Unedited minutes from the p5p meeting 7/23/01

Front page | perl.perl5.porters | Postings from July 2001
Unedited minutes from the p5p meeting 7/23/01

Thread Next
From:
Adam Turoff
Date:
July 24, 2001 10:20
Subject:
Unedited minutes from the p5p meeting 7/23/01
Message ID:
20010724132052.D12181@panix.com
[ NOTE: The first half of Jarkko's discussion of new features in 5.8 is
  missing; the discussion of what do do about XML::RPC and Core Modules
  will follow in a separate message.  All typos and such are 
  purely my fault; apologies for any errors, inaccuracies or unclear
  passages.  Z. ]

-------


Agenda:

	1) gsar on maintenance
	2) jhi on devel
	3) gnat on perl6
	4) dan on perl6 internals
	5) hugo on RE innards
	6) japhy on Friedl's stuff
	7) simon on magic/B/Unicode
	8) jeff okamoto on ipv6
	9) core modules -- let the fight BEGIN!

-------------------------------

jhi on devel:
-------------

[....]

microperl: smaller than miniperl; Perl using features found only in ANSI C
currently not used for anything, but useful for experimentation; possible
to do configuration in Perl

parameter reordering from printf

much better SOCKs (firewall proxy library thingy)

better marker for regex compilation errors

Regex debugger backend cooperation between ActiveState and mjd; general
backend for writing debuggers for the regex engine, so anyone can use it

PerlIO: multiarg open

numerous memory  leaks plugged after gsar and Alan Burlison agree on what
a memory leak means

more overridable keywords; close to overridding all of the keywords
(gsar: I don't believe all keywords will be overridable, e.g. print, split;
some of them are fixable, but what are the needs...)

now we have an untie method

we have 'use English "-nomatchvars" ($&, $', $` not included)

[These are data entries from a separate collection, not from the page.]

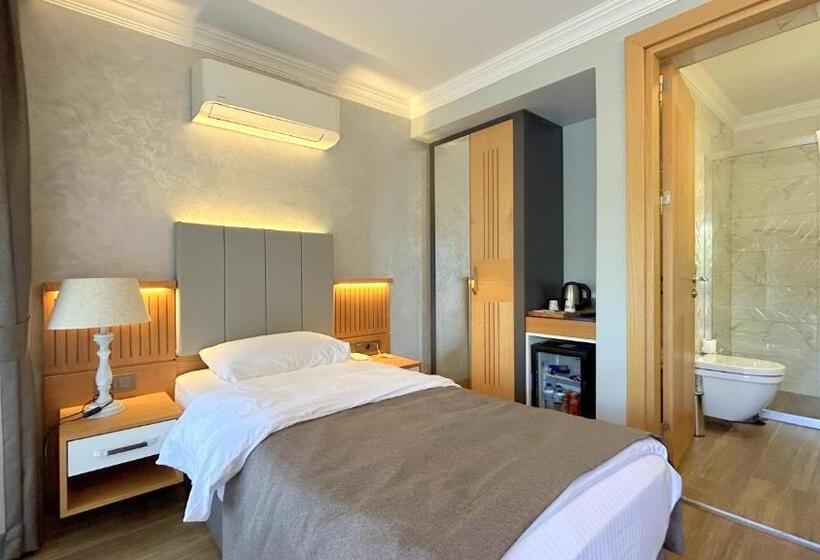 Chambre Supérieure Individuelle, Istankoy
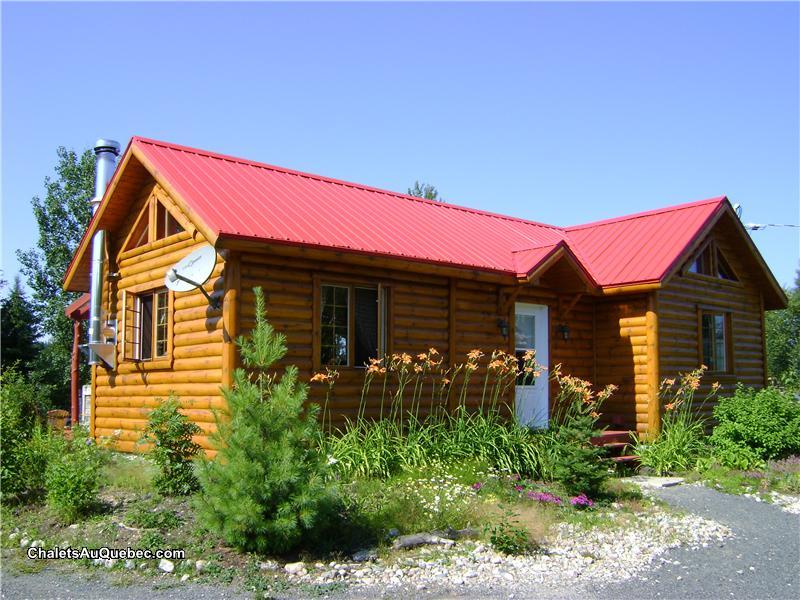 L' Emerillon Chalet à louer SteMonique OR2695 ChaletsAuQuebec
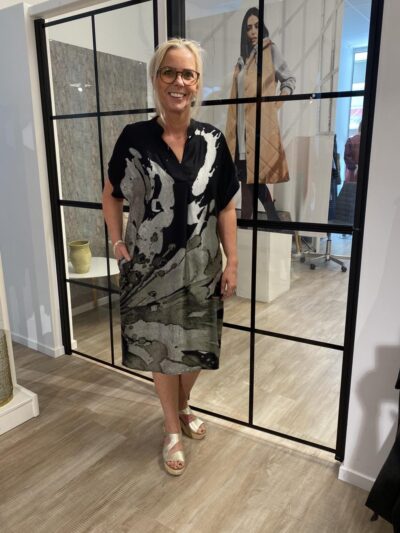 lene med sort og grøn mønstret kjole NÜ Abbi Tunic Dress Army Mix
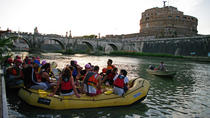 Sightseeingtour over de rivier de Tiber in Fun Eco Boats in het stadscentrum Sightseeingtour over de rivier de Tiber in Fun Eco Boats in het stadscentrum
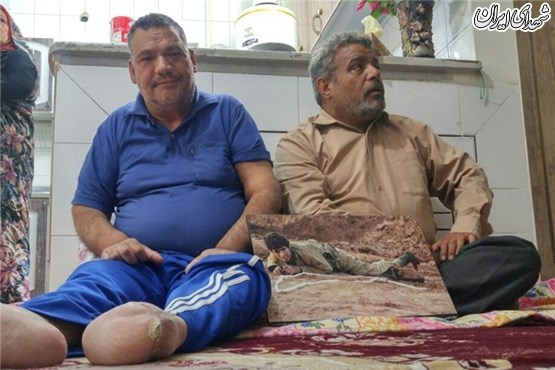 دیدار عکاس و رزمنده خیبر پس از ۳۳ سال +عکس دیدار عکاس و رزمنده خیبر پس از ۳۳ سال +عکس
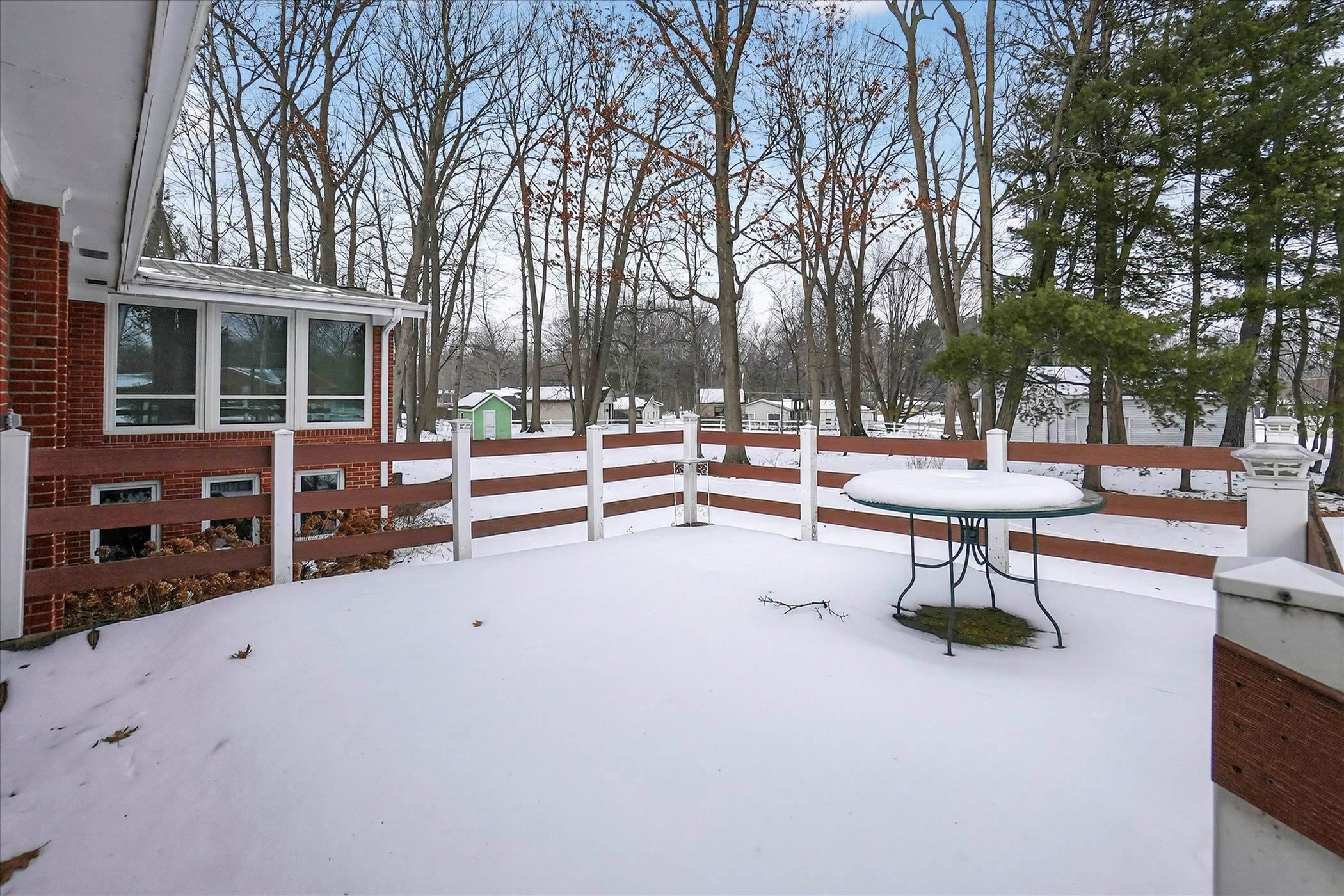 410 W Maple Street, Saint Charles, MI 48655 — Photo 43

some beginnings of source compilation support; the fun part was getting 
configure to .... [do something really strange, but useful].  Configure
supports -v mksimlinks; allows a readonly source code tree

can microperl be useful with cross compilation?  (not quite yet; 64-bit
issues)

[[ What's Old in 5.8]]

Deprications:

 - EQ

 - pseudohashes (Larry: fine)

 - suidperl
 	can snoop a directory tree based on error messages coming from
	suidperl

 - package;

 - bless referent, referant (Simon: this is handy; jhi: you keep saying
   that;  you can always use quotes)

 - self binding arrays and hashes (exercises come less known code paths)
 	could be possible to fix this, but no volunteers

 - obscure regex features (not from Ilya, but from POSIX)  [:alpha:],
	features defined by posix such as [:anything-equivalent-to-A:]
	(all diacriticals with A); could do this with Unicode, but unclear
	how to do this with composition and decomposition; no one has requested
	this (except Simon);  this is not implemented yet, come back later

	related to collation: handle this group of characters as one single
	character; apparently so obscure that no one has requested it yet.

 [[ Future: Things I Hopefully Don't Have To Care About (except 5.8.1) --jhi]]

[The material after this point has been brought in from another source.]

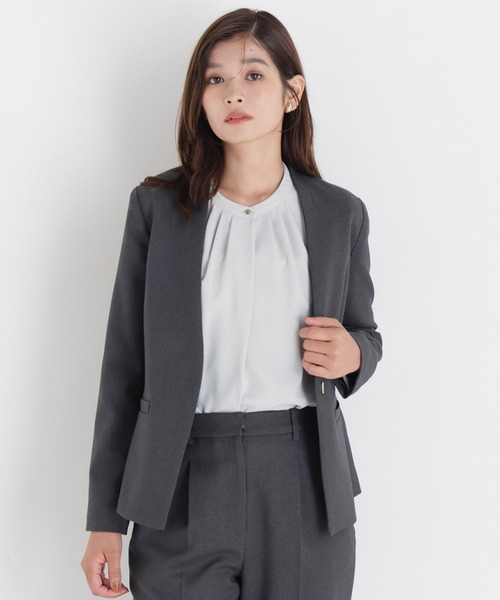NATURAL BEAUTY BASIC(ナチュラルビューティーベーシック)の「【マシンウォッシャブル】ウーステッドライク SETUPノーカラージャケット(ノーカラージャケット・レディース・チャコールグレー/ベージュ/ダークブラウン・SMALL/MEDIUM/LARGE)」の1枚目の写真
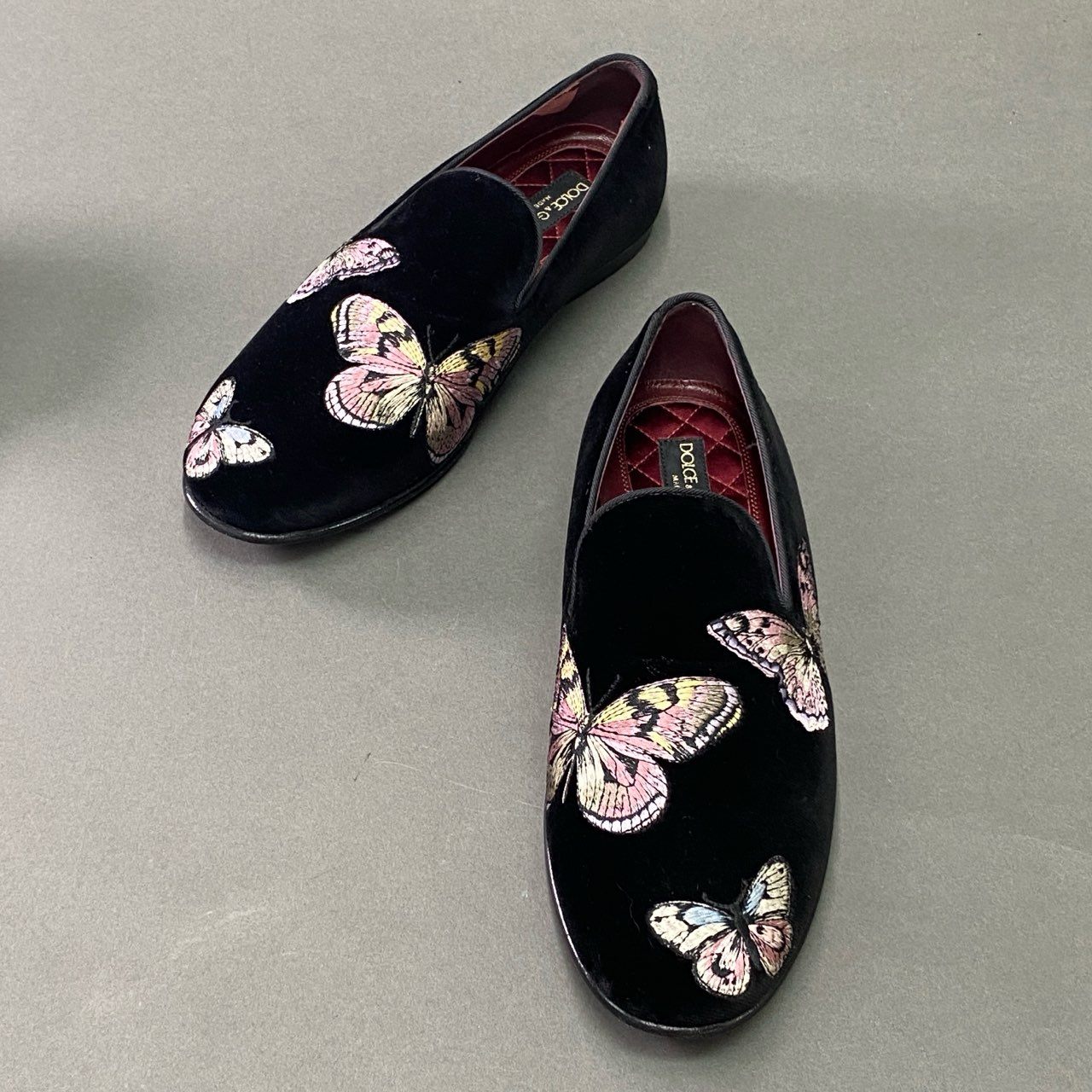 8b14 DOLCE&GABBANA ドルチェアンドガッバーナ バタフライ刺繍 オペラシューズ 7 ブラック ベロア 蝶 スリッポン ローファー D&G ドルガバ イタリア製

 - Artur's continuing work on ithreads; may lead to a stable threading
   implementation; iThreads: main intent was to have concurrent
   interpreters (and a pseudo-fork is a natural result) Fundemental to 
   apache2

 - continuing work on bignum

 - missing pieces of unicode (composition, decomposition, collation, regex
    features proposed by Unicode; Unicode standard refers to Perl)

 - inline; Brian thinks it shouldn't be part of the core ever, but if there
   are hooks needed in Perl, that would make the cooperation more beautiful
   than it is now

 - hopeful timetable is 3-4 months
 
Questions: 

what's life after 5.8?  new pumpkin?  5.8.1 would be jhi, after that, Hugo

will there be a 5.10?  what else do we need to do?  :-)  No major
requirements; could be a phased path towards adoption to 6.0; 

Damian: corporate america will be very thankful for more stability and
	fewer features; split between programmers who want to use new features,
	but 5.004/5.005 is in very common use; many will skip 5.6, and go
	straight to 5.8 if it is stable; don't want us to release a new version
	they don't have time to support; 

RJRay: what redhat goes through before they put something into an official
	release is pretty stringent (modulo before Randy started :-); burn-in
	periods where they run candidate servers for 3-4 weeks before they
	put it on distributions CDs; that's why products is a couple of months
	behind based on what's available at release time; a lot of other
	packages that are part of RH7.1 count on Perl working reliabily and
	consistently (and not worthwhile the 2-3 months of QA)

-------------------------

gsar on 5.6.x

- won't be doing much work on 5.6.x, except for minor patches from 5.8

- probably won't get a 5.6.2 until 5.8 released

- anyone else who would like to take on the maintenance of 5.6.x?

-------------------------

gnat on perl6

[ based on a talk from yapc::montreal ]

started with a burst of fire and enthusiam last year; learned a lot from
the experience

watched very closely how mhonarc project launched

rfc project confirmed the wisdom of letting there be only one language
designer; closed down the RFC process to stop people having strange ideas

right now going in cycles: lots of discussion after each apocolypse (not
final judgements on how the language should be)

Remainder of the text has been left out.